Best In Class: “When he touched the puck, something magical began to happen on the ice,” a Montreal editorial eulogized in 1989 when Doug Harvey died, on this date, a Tuesday, at the age of 65. Legendary Canadiens coach Scotty Bowman said that Harvey was the best defenceman he ever saw, and Harvey had the Norris Trophies to back the man up: indeed, Harvey was named the NHL’s superior defencemen seven times during his 20-year career in the league. Mostly, of course, he manned a Montreal blueline, helping Canadiens win six Stanley Cups; later on, he suited up for the New York Rangers, Detroit Red Wings, and St. Louis Blues, too. (Image, from 1959: Louis Jaques / Library and Archives Canada/ e002343733)

greater boston

Bruins’ Skip: It won’t help the Toronto Maple Leafs with their recovery and rehabilitation after last night’s first-round game-seven collapse in Boston, but in 1962, when Don McKenney here captained the Bruins, his team finished the regular season in last place, far from the playoffs. The Leafs, that year? They beat Chicago to win another Stanley Cup. That has to be some comfort, doesn’t it? (Image: Louis Jaques /Library and Archives Canada/e002343745)

sawchuk’s reward, this night in 1952? a smoke and a stanley cup

On this night in 1952, Terry Sawchuk deterred 26 Montreal shots to see his Detroit Red Wings to a 3-0 win over Canadiens and, thereby, a sweep of the Stanley Cup finals. It was the first of four Cups for Sawchuk, who also collected a Vézina Trophy as the NHL’s top goaltender. With his fourth shutout in eight playoff games, Sawchuk tied an NHL record that night at Detroit’s Olympia. As time ticked away to end the game, his teammates mobbed the 22-year-old in his crease as the organist played “Auld Lang Syne.” Later, Marshall Dann of the hometown Free Press found him in the dressing room, puffing on a cigarette and posing with the Cup. “This last game was the toughest of the entire series,” Sawchuk said, “and I believe it was my best game. The Canadiens were trying to rough me up in the goalmouth and knock me off my feet every time they skated by.”

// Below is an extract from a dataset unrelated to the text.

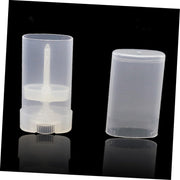 DOITOOL 10Pcs Lipstick Tube Empty Lip Balm Containers Oval Lip Tubes Clear Container Moisturizer Lip Gloss Storage Containers Empty Lip Balm Tube Moisten the Lips Powder Tube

(Image: Louis Jaques / Library and Archives Canada / PA-209513)

my first hockey game: dave stubbs

Bowerbeater: Canadiens winger Bobby Rousseau in 1966, a year before he notched a goal and three assists in Dave Stubbs’ Montreal Fourm debut. (Image: Louis Jaques/Library and Archives Canada/e002343749)

Dave Stubbs tells this story: as a nine-year-old in 1967 in Pointe-Claire, Quebec, he went to bed before the end of the hockey game filling the family TV. Don’t worry, his father told him, we’ll watch the next one. It was Stubbs’ birthday next day, and when he woke up in the morning the news could hardly have been crueller: the Toronto Maple Leafs had beaten his cherished Montreal Canadiens to win the Stanley Cup.

Canadiens recovered, of course. Stubbs bounced back, too, going on to a 40-year career as a sports journalist, much of it spent as a distinguished editor and writer at the Montreal Gazette. Early in 2016, he found himself with a new gig, as columnist and historian for NHL.com, the league’s website. “If there’s such a thing as a dream job,” he said at the time, “I’ve found it.”

For his deep knowledge of hockey history and his skill as a storyteller, for his contacts, his curiosity, and his respect for the people who live their lives in and around the rink, Stubbs has long been a must-read chronicler of the game. If somehow you haven’t found him already, do that at NHL.com and on Twitter @Dave_Stubbs.

Last week, writer Kirstie McLellan Day launched Puckstruck’s ongoing series of recollections of first encounters with NHL hockey — that’s here. Today, Dave Stubbs takes a turn.

In a recent e-mail, Stubbs told this story: last year, at a dinner celebrating the announcement of the NHL’s 100 Greatest Players, he sat with legendary Maple Leafs’ centre Dave Keon. Stubbs:

I said to him, “I’ve had this inside me for 50 years. How does it feel to know that you broke the heart of a 10-year-old kid on his birthday by winning the Stanley Cup in 1967?”

He looked at me almost sympathetically for a moment then grinned and said, “Pretty good, actually.”

It was the perfect answer.

It’s almost 50 years to the day that Stubbs first went to the Montreal Forum with his dad, mere months after that birthday calamity. His account:

It was the brilliant white of the Montreal Forum ice and the clean, bright boards that took this 10-year-old’s breath away. That, and the noise of the crowd and the smell of the hot dogs, whose legendary status — the dogs, I mean — I would learn of in the decades to come.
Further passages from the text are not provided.